> The problem
This calls for a verbatim copy of all the data, with no images carried over.

> Information supplied
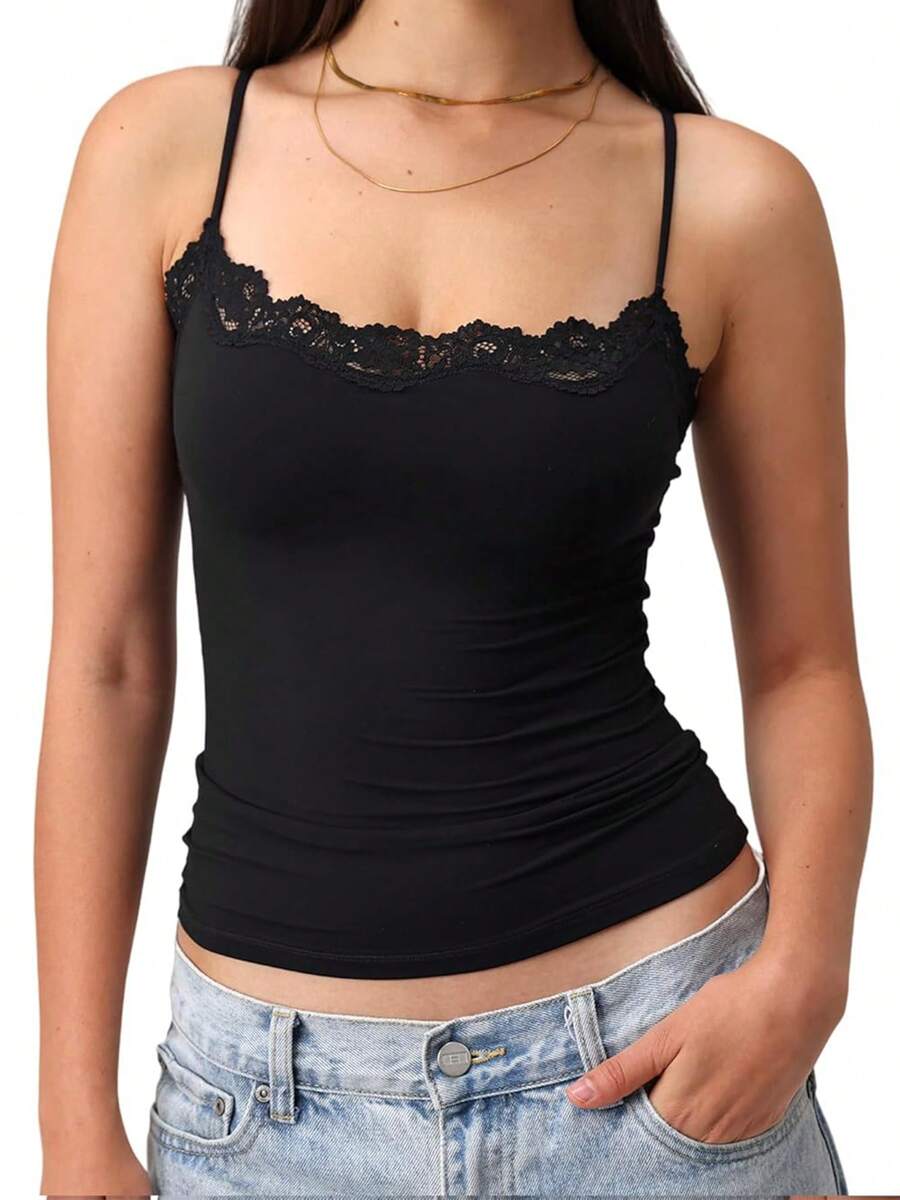 Women's Padded Lace Trim Cami Top Sexy Tank Top Spaghetti Strap Club Party Shirts Y2k Going Out Undershirt Tops - 黑色 - 查看 1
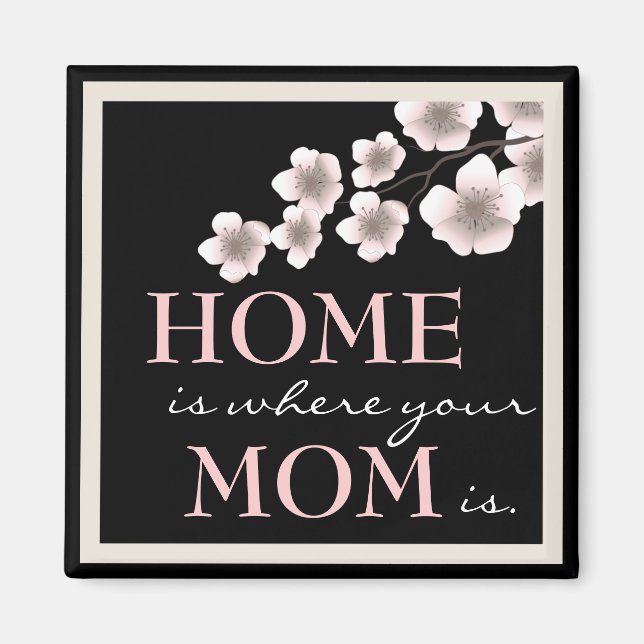 Pretty Cherry Blossom Mum & Home Magnet (Front)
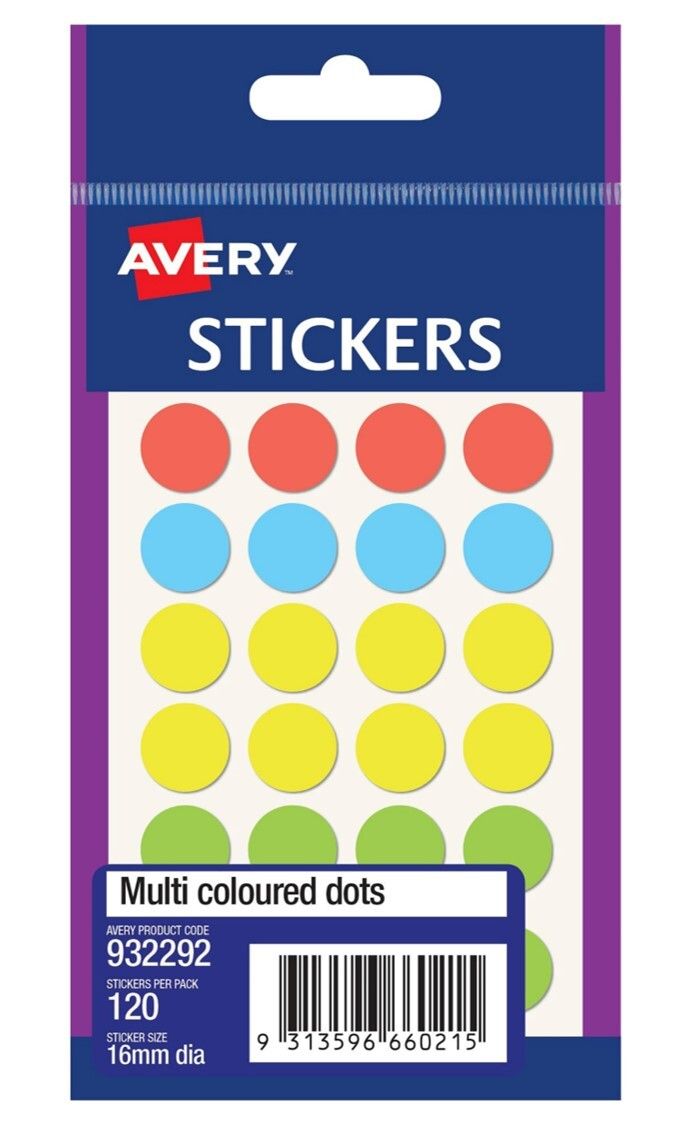 LABEL AVERY F/P #32292 16MM PERM DOT ASST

> Reply to the exercise
 Women's Padded Lace Trim Cami Top Sexy Tank Top Spaghetti Strap Club Party Shirts Y2k Going Out Undershirt Tops - 黑色 - 查看 1
 Pretty Cherry Blossom Mum & Home Magnet (Front)
 LABEL AVERY F/P #32292 16MM PERM DOT ASST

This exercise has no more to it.